A Magá era generosa, boa, simples. Se é possível comparar as pessoas a paisagens, então a Magá seria um dia de sol, um céu perfeito, uniforme e brilhante no seu azul, sobre um mar cristalino, morno, verde-esmeralda, onde nunca se perde o pé.

Nos últimos anos, a Magá tinha ido viver para o seu querido Alentejo – era uma exilada na cidade que aquecia o ânimo com histórias e cantigas de outros tempos, de outro mundo que eu fui conhecendo através dela. Sempre gostei de ouvir cantar. Sempre gostei de ouvir histórias. E as que a Magá me contavam tinham um saber ancestral e misterioso que só redescobri muitos anos mais tarde quando trabalhei na recolha de algumas lendas tradicionais portuguesas.
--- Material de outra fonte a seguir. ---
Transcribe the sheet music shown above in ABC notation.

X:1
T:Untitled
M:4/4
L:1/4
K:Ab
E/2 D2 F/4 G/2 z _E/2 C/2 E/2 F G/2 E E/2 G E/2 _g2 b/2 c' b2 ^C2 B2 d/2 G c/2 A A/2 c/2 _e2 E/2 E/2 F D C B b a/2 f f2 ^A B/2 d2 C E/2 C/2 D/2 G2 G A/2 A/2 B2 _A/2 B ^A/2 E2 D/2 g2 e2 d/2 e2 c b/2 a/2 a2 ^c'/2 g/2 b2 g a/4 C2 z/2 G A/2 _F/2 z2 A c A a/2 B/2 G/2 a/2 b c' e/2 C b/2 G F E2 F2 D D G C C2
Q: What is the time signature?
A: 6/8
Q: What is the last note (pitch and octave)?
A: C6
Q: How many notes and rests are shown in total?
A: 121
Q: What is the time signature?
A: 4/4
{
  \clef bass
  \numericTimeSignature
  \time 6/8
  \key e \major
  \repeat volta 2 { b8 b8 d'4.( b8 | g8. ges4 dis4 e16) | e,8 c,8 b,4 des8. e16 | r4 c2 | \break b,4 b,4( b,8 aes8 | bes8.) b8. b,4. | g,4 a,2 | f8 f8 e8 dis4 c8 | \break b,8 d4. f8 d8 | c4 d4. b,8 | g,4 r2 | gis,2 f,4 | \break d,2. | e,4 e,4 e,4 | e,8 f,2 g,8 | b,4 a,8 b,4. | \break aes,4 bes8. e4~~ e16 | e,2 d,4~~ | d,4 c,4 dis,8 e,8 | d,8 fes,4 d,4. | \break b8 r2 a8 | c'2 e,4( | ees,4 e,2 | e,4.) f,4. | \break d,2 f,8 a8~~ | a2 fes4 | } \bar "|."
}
Falavam de mouras encantadas e de grutas misteriosas, de poços sem fundo e de tesouros escondidos, de serras povoadas de fantasmas e de pedras que choram. Muitas vezes adormeci ao som das suas canções. Muitas vezes as suas histórias me transportaram a mundos fantásticos, que eu nem sonhava que existiam, num recanto qualquer das nossas imaginações, da dela que nunca me contava a mesma história exactamente da mesma maneira, e da minha que reproduzia imagens que só eu podia ver.

Não quis que nos avisassem de que estava doente. Quando os tratamentos a obrigaram a voltar para Lisboa, nunca nos disse que aqui estava, sempre nos deixou acreditar que continuava lá, nas terras do sol e do pão. Quando o cabelo lhe caiu, deixou de sair de casa. Não suportava os olhares de pena que as pessoas lhe dirigiam. Proibiu o marido de nos dizer que tinha morrido até que o funeral estivesse terminado. Ele cumpriu. Compreendo a sua decisão, mas não me conformo. Queria tê-la visto mais vezes. É sempre assim – nunca temos tempo suficiente com as pessoas de quem gostamos. Ficamos sempre frágeis e infantis quando alguém nos morre. É uma parte do nosso passado que desaparece, é menos uma pessoa neste mundo a amar-nos. Ficam as memórias, fica tudo o que aprendemos, mas fica também uma grande tristeza, que o tempo vai atenuando e que se vai tornando mais suave, tal como as rochas que a água foi aos poucos esculpindo.

Onde quer que a Magá esteja, espero que esteja em paz. Se algumas coisas perduram para lá da vida, então que a dor não seja uma delas.